Jakarta (ANTARA) - Pakar komunikasi politik Universitas Pelita Harapan Dr Emrus Sihombing menyebutkan sejumlah kerugian yang dialami Prabowo jika bergabung dengan koalisi Pemerintahan Presiden Joko Widodo.
"Bukan berarti penggabungan keduanya tidak memiliki kelemahan, utamanya di Prabowo," katanya, saat dikonfirmasi Antara, di Jakarta, Sabtu, menanggapi wacana peta koalisi yang terus berkembang.
Kerugian pertama, kata dia, sebagian konstituen yang memiliki militansi kuat dengan Prabowo dan memilihnya di Pilpres 2019 akan kecewa dengan sikap yang diambil bergabung di pemerintahan.
Kedua, menurut dia, keberhasilan yang dicapai dalam pemerintahan lima tahun ke depan bjsa dikatakan sebagai kesuksesan pemerintahan Joko Widodo meski ada juga peran Prabowo.
"Prabowo kan sebagai 'supporting', bukan variabel utama. Jadi, apapun keberhasilan lima tahun ke depan, dikatakan sebagai keberhasilan pemerintahan Jokowi," kata Direktur Eksekutif Emrus Corner itu.
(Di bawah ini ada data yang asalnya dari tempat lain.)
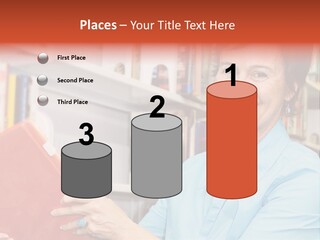 A Pretty Librarian In Her Wheelchair Shelving Books. PowerPoint Template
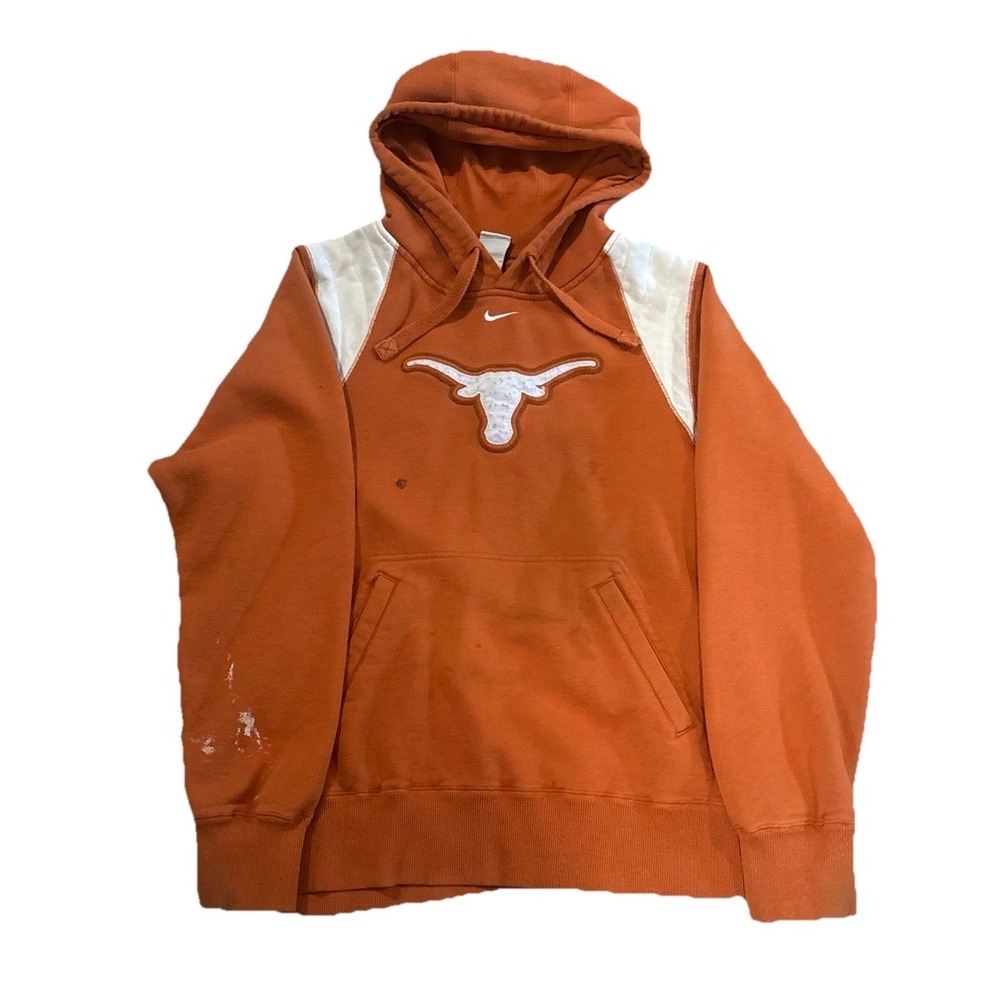 Y2K Nike Texas Longhorns Hoodie Mens Small Burnt Orange NCAA Sports SOME PAINT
Apabila mau berhitung secara strategis secara politik, kata dia, memang Prabowo dan Gerindra lebih baik tetap berada di oposisi, tetapi kalaupun Prabowo mau bergabung di pemerintahan lebih bagus.
Untuk kepentingan bangsa dan negara, lanjut dia, sangat bagus untuk menyatukan kedua energi itu dalam membangun Indonesia lima tahun ke depan.
"Saya sendiri melihat Prabowo lebih mengedepankan kepentingan bangsa dan negara," kata Emrus.
Menurut dia, banyak kalangan yang tidak melihat potensi itu sehingga seolah-olah mengharuskan Prabowo tetap berada di seberang, yakni oposan.
"Makanya, untuk kabinet yang akan datang, saya mendorong kabinet gotong-royong. Mari maju bersama-sama, tidak perlu membicangkan perbedaan-perbedaan itu," katanya.